El actor ha confirmado que, ante la falta de ingresos constantes por su profesión, hoy se apoya en programas de asistencia pública, como la Pensión del Bienestar, para solventar sus necesidades básicas.
El contraste de una industria brillante con retiros sombríos
El caso de Ricardo Hill no es aislado, pero sí es uno de los más dolorosos para los nostálgicos. La industria del doblaje en México, reconocida como la mejor de habla hispana, suele trabajar bajo esquemas de pago por sesión que carecen de prestaciones a largo plazo.
Y es que, el enfisema pulmonar ha limitado la capacidad respiratoria de Hill, impidiéndole realizar las largas jornadas de grabación que exige el doblaje de series y películas.

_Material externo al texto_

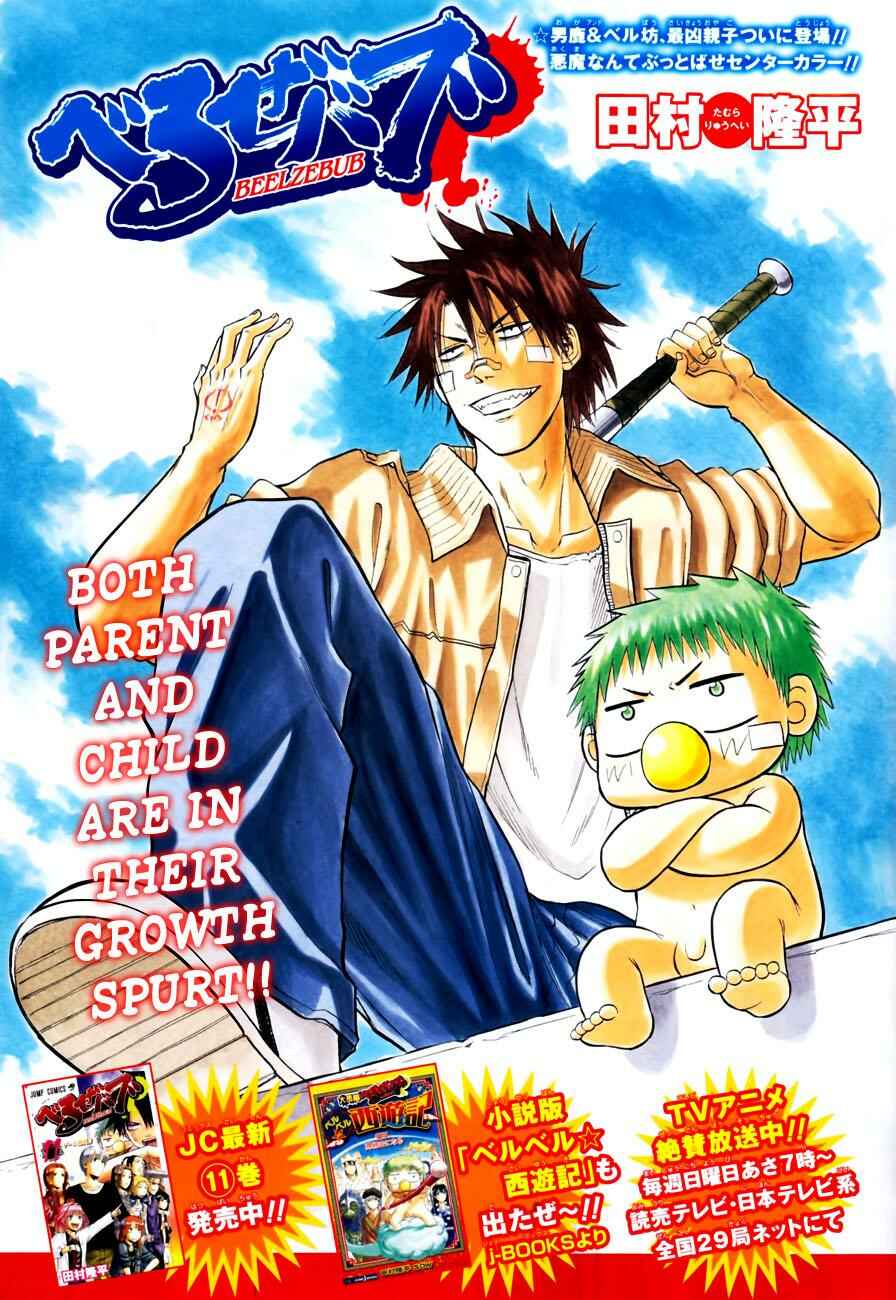 Beelzebub Chapter 106 - Page 2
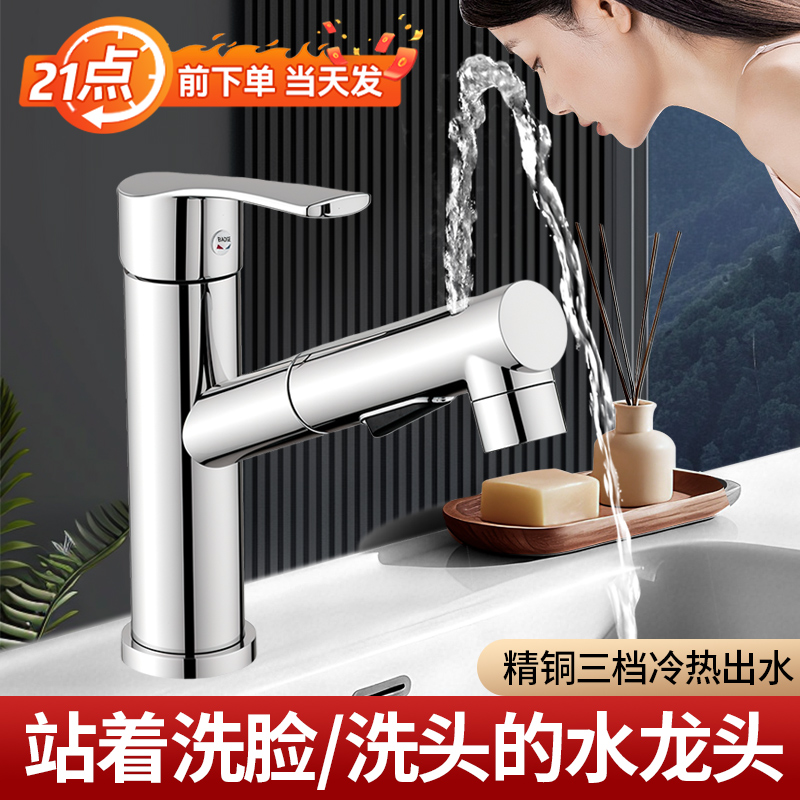 抽拉式冷热多功能面盆龙头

Aunque sus colegas y fans han mostrado su cariño en diversas ocasiones, la realidad es que el actor depende hoy de los subsidios gubernamentales para cubrir gastos médicos y de manutención.
¿Qué fue del "Teacher" de la comedia?
A sus 65 años, Ricardo Hill se mantiene con el espíritu resiliente que siempre lo caracterizó.
Aunque las complicaciones de salud han mermado su presencia física, su legado sigue vivo en personajes como el inigualable Kaiosama (Dragon Ball Z).